MATERIAL SUPPLIED >>
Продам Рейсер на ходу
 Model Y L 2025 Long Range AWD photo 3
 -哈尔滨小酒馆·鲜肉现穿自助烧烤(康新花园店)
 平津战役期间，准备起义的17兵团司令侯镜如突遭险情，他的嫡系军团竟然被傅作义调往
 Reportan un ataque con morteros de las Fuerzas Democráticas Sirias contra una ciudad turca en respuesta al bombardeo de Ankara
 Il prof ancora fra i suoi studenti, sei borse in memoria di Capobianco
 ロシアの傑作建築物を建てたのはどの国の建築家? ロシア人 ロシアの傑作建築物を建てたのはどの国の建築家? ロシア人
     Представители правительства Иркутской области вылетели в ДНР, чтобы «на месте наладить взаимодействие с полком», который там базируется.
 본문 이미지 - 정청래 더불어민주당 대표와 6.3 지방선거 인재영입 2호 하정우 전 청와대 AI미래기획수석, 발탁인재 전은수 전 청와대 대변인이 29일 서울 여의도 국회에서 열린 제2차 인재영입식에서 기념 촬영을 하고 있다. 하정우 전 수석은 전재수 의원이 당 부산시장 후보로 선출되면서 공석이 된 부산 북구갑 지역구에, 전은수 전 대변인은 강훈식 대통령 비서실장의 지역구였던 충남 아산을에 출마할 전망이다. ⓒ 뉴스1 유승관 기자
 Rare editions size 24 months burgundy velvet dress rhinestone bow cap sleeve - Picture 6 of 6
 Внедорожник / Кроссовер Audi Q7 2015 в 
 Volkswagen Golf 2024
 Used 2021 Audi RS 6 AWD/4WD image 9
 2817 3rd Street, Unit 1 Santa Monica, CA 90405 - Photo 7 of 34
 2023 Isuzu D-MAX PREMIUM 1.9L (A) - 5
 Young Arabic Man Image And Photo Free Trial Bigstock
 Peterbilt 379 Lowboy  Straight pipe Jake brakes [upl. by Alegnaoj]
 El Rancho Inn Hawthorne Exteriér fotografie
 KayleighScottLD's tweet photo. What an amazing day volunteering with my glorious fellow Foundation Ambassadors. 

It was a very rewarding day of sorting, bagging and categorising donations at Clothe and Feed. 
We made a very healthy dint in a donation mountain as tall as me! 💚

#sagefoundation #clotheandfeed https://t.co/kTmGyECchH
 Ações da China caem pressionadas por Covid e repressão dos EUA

EXERCISE AIM >> Copy the line containing "2817 3rd Street, Unit" and every line after it, through the last line of the records. Include nothing else.

EXPECTED OUTPUT >>
 2817 3rd Street, Unit 1 Santa Monica, CA 90405 - Photo 7 of 34
 2023 Isuzu D-MAX PREMIUM 1.9L (A) - 5
 Young Arabic Man Image And Photo Free Trial Bigstock
 Peterbilt 379 Lowboy  Straight pipe Jake brakes [upl. by Alegnaoj]
 El Rancho Inn Hawthorne Exteriér fotografie
 KayleighScottLD's tweet photo. What an amazing day volunteering with my glorious fellow Foundation Ambassadors. 

It was a very rewarding day of sorting, bagging and categorising donations at Clothe and Feed. 
We made a very healthy dint in a donation mountain as tall as me! 💚

#sagefoundation #clotheandfeed https://t.co/kTmGyECchH
 Ações da China caem pressionadas por Covid e repressão dos EUA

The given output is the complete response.